▸ YOUR INSTRUCTIONS: Every line below from the one with "flat sunset beach background" through the one with "A graphic features" should be retyped exactly, both ends included; no other lines and no pictures.

▸ GIVEN RECORDS:
==========

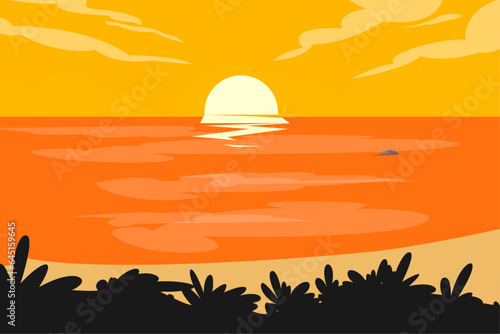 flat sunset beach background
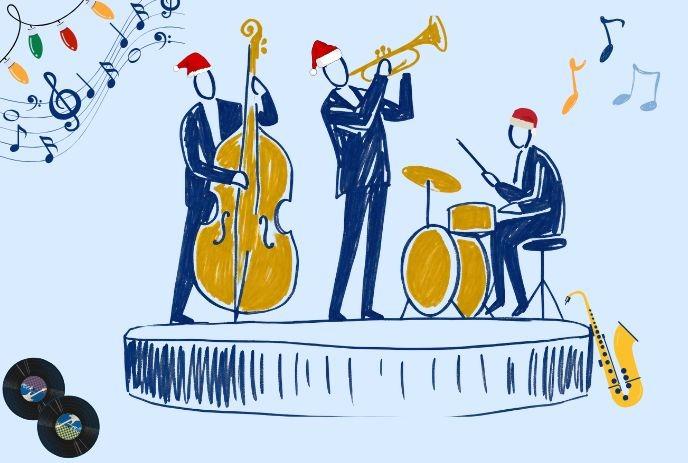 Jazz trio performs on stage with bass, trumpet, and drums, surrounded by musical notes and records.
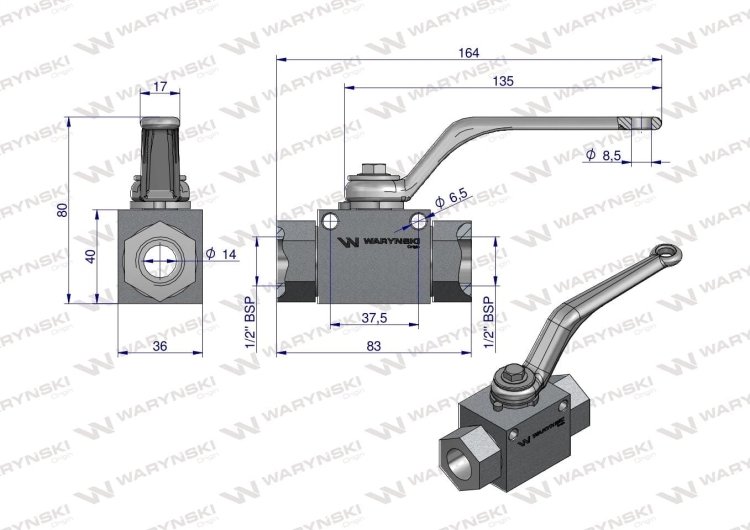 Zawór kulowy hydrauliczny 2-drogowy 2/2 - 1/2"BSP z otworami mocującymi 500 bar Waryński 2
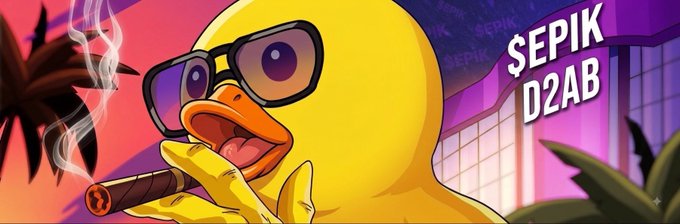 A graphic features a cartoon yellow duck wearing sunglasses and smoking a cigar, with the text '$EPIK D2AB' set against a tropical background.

==========

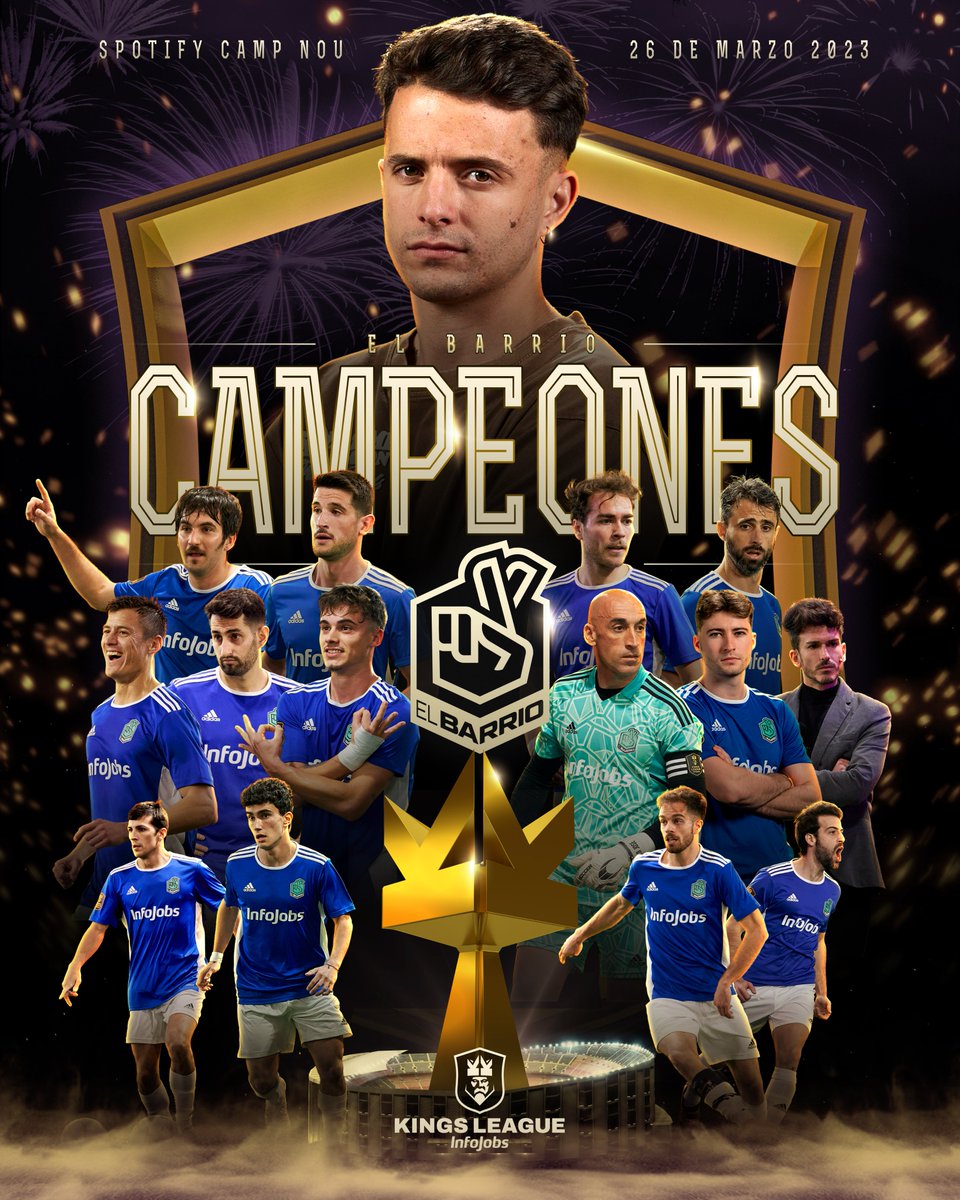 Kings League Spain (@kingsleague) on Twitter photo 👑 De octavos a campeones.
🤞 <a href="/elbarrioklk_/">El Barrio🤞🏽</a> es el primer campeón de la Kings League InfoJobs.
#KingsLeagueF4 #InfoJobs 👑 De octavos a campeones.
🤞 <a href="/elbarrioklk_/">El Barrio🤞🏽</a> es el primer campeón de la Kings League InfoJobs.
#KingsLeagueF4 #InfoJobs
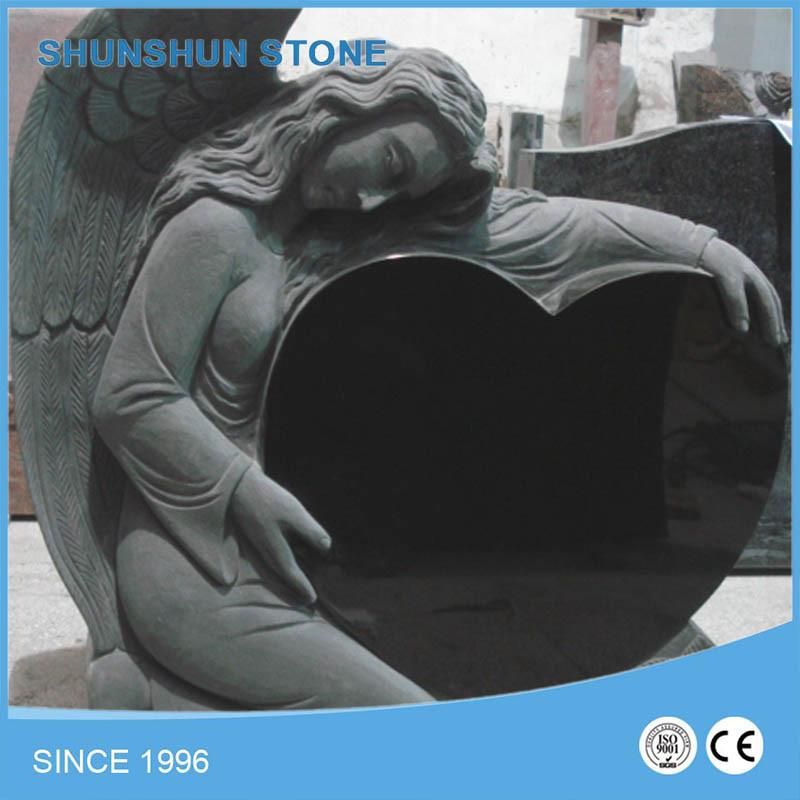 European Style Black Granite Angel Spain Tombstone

==========

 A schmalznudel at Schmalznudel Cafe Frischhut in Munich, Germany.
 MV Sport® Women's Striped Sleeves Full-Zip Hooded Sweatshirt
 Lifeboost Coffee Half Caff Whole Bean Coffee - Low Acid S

==========

▸ SOLUTION:
 flat sunset beach background
 Jazz trio performs on stage with bass, trumpet, and drums, surrounded by musical notes and records.
 Zawór kulowy hydrauliczny 2-drogowy 2/2 - 1/2"BSP z otworami mocującymi 500 bar Waryński 2
 A graphic features a cartoon yellow duck wearing sunglasses and smoking a cigar, with the text '$EPIK D2AB' set against a tropical background.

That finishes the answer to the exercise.